Une dépendance au charbon persistante
Avec près des deux tiers de son mix, la houille demeure la colonne vertébrale du système électrique marocain. Cette réalité technique pèse sur la balance commerciale, puisque le minerai est importé, et sur l’empreinte carbone nationale, freinant la trajectoire vers la neutralité pourtant endossée par plusieurs voisins africains.
Les centrales à charbon, concentrées notamment sur la côte atlantique, assurent une production continue à coût maîtrisé. Fermer ces unités en moins de deux décennies exige d’importants investissements en stockage, interconnexions et flexibilité, afin de sécuriser l’approvisionnement lorsque soleil et vent font défaut.
53 % d’émissions en moins, scénario conditionnel
Le plan climat est structuré en deux volets. Le premier, dit inconditionnel, couvre les mesures que Rabat finance sur ressources propres. Le second, qualifié de conditionnel, regroupe les actions supplémentaires — telle la sortie du charbon en 2040 — réalisables seulement si l’aide internationale est au rendez-vous.
L’objectif de réduction de 53 % des émissions à l’horizon 2035 repose ainsi sur un partage clair des responsabilités. Plus que la bonne volonté politique, c’est la disponibilité de financements concessionnels qui déterminera la profondeur de la décarbonation marocaine, illustrant la tension Nord-Sud au cœur des négociations climatiques.
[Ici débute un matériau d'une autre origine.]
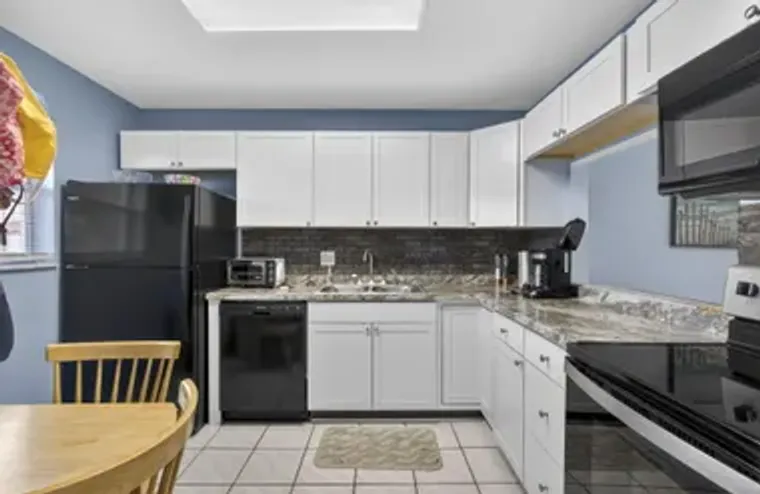 419 LAKE DORA DR, WEST PALM BEACH, FL, 3..., West Palm Beach, FL 33411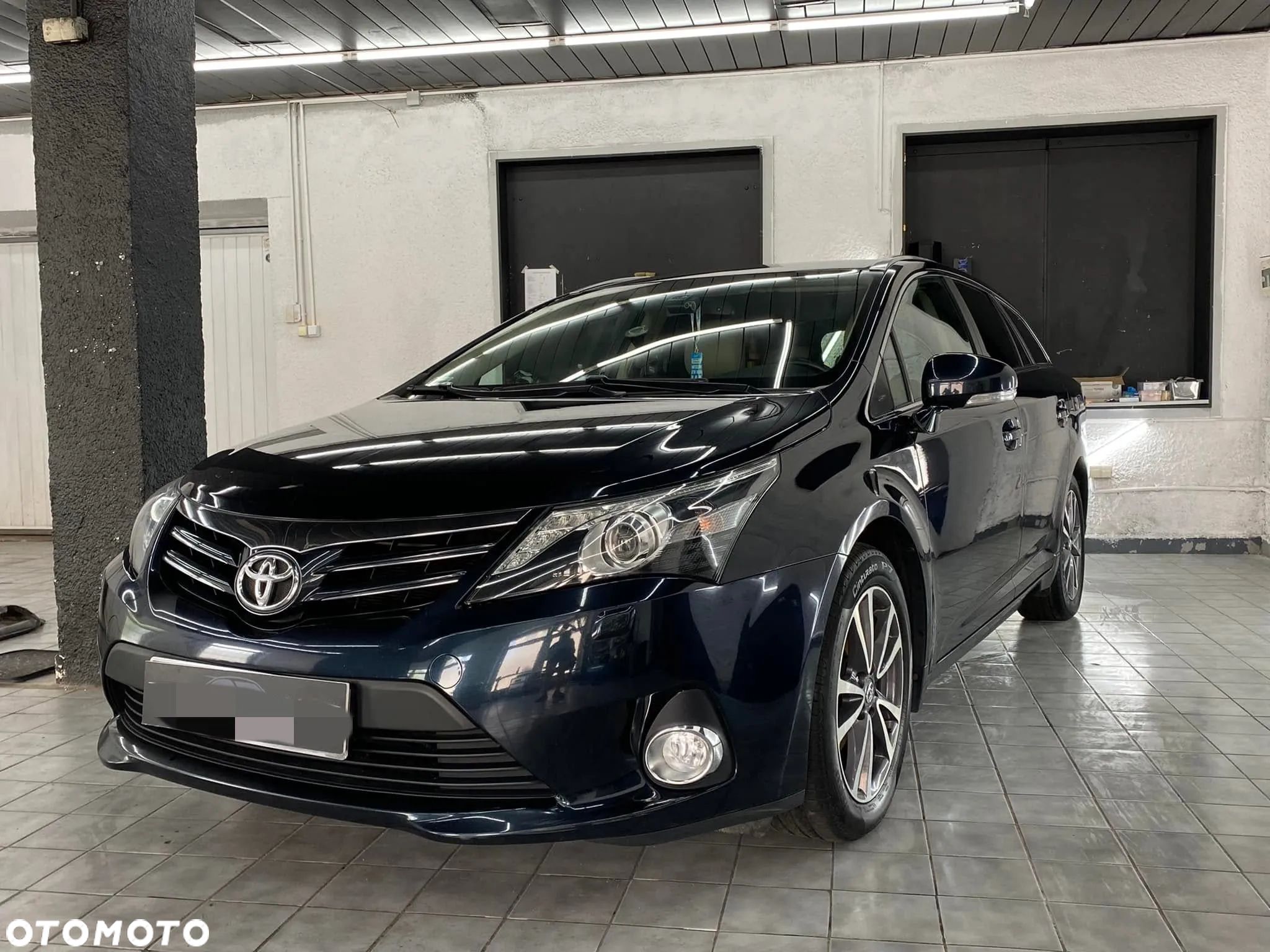Toyota Avensis 1.8 Sol plus NAVI - 1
Le chèque climatique de 30 milliards USD
Le chiffre de 30 milliards de dollars reflète l’addition des coûts d’infrastructures, de formation et d’indemnisation liés à la transition. Rabat ne précise pas la ventilation de cette somme, mais la présente comme un investissement, promettant des retombées industrielles et technologiques susceptibles d’attirer le secteur privé.
En conditionnant sa feuille de route à cet appui, le Maroc insiste sur la dimension d’équité qui traverse la gouvernance climatique. Le pays rappelle que sa contribution historique aux émissions mondiales demeure marginale, tandis que le coût de l’ajustement énergétique pèse surtout sur ses finances publiques déjà sollicitées.
Diplomatie verte et leadership africain
L’annonce offre au royaume l’occasion de consolider son positionnement diplomatique africain. En se plaçant en tête d’affiche de la COP30, Rabat ambitionne de fédérer un front continental capable de peser sur les négociations, tout en montrant que la transition peut devenir vecteur de coopération Sud-Sud.
Pour nombre de capitales, la démarche marocaine trace un précédent. Elle pourrait inspirer d’autres pays à annoncer des sorties de combustibles fossiles adossées à des requêtes financières chiffrées, créant un cadre plus lisible pour les bailleurs multilatéraux tout en renforçant la voix collective de l’Afrique dans les instances onusiennes.
Scénarios à l’horizon 2040
Si les financements se matérialisent, la sortie graduelle du charbon pourrait débuter par la conversion des centrales existantes vers la biomasse ou l’hydrogène vert, puis par leur fermeture définitive. En l’absence de soutien, Rabat continuera d’investir dans les renouvelables, mais conservera probablement une base thermique pour sécuriser le réseau.
Quel que soit le scénario, la décision marocaine ajoute une nouvelle trajectoire de transition à l’agenda africain. Elle rappelle l’urgence d’aligner financements et ambitions, et place la COP30 face à sa première équation concrète : transformer une promesse politique en plan d’investissement crédible, mesurable et socialement juste.